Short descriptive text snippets
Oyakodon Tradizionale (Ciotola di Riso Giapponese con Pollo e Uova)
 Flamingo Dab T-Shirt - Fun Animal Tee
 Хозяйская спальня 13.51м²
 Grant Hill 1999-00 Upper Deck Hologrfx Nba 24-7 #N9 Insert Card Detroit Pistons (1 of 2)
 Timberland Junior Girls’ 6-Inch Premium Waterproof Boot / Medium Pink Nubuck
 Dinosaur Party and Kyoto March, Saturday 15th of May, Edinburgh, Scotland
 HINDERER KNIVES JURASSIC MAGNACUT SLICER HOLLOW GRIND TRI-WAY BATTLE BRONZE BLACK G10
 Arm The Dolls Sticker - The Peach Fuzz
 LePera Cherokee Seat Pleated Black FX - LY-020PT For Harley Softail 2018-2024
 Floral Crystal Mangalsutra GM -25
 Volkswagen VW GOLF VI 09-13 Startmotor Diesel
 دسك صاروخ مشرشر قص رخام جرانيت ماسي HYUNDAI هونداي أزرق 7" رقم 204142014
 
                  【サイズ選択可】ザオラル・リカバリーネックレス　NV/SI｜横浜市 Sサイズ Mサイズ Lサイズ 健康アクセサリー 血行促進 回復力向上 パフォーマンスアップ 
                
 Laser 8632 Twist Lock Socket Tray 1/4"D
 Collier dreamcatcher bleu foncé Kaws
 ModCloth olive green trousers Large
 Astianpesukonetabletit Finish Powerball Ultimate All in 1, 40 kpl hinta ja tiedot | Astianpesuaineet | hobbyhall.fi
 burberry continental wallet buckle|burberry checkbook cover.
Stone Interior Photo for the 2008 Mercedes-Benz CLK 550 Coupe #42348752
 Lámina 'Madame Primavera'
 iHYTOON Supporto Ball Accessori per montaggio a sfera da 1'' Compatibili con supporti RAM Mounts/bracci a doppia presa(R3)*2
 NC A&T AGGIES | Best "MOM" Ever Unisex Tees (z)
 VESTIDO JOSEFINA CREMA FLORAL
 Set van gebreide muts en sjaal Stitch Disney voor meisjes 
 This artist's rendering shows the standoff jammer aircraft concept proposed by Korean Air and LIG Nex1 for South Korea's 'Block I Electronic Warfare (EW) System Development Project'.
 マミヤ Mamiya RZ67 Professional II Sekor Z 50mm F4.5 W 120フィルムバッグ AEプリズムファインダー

▶ _Work request_
Word for word, restate the lines above from the line containing "Dinosaur Party and" through the line containing "ModCloth olive green trousers Large", with both included and nothing else.

▶ _Response to this task_
 Dinosaur Party and Kyoto March, Saturday 15th of May, Edinburgh, Scotland
 HINDERER KNIVES JURASSIC MAGNACUT SLICER HOLLOW GRIND TRI-WAY BATTLE BRONZE BLACK G10
 Arm The Dolls Sticker - The Peach Fuzz
 LePera Cherokee Seat Pleated Black FX - LY-020PT For Harley Softail 2018-2024
 Floral Crystal Mangalsutra GM -25
 Volkswagen VW GOLF VI 09-13 Startmotor Diesel
 دسك صاروخ مشرشر قص رخام جرانيت ماسي HYUNDAI هونداي أزرق 7" رقم 204142014
 
                  【サイズ選択可】ザオラル・リカバリーネックレス　NV/SI｜横浜市 Sサイズ Mサイズ Lサイズ 健康アクセサリー 血行促進 回復力向上 パフォーマンスアップ 
                
 Laser 8632 Twist Lock Socket Tray 1/4"D
 Collier dreamcatcher bleu foncé Kaws
 ModCloth olive green trousers Large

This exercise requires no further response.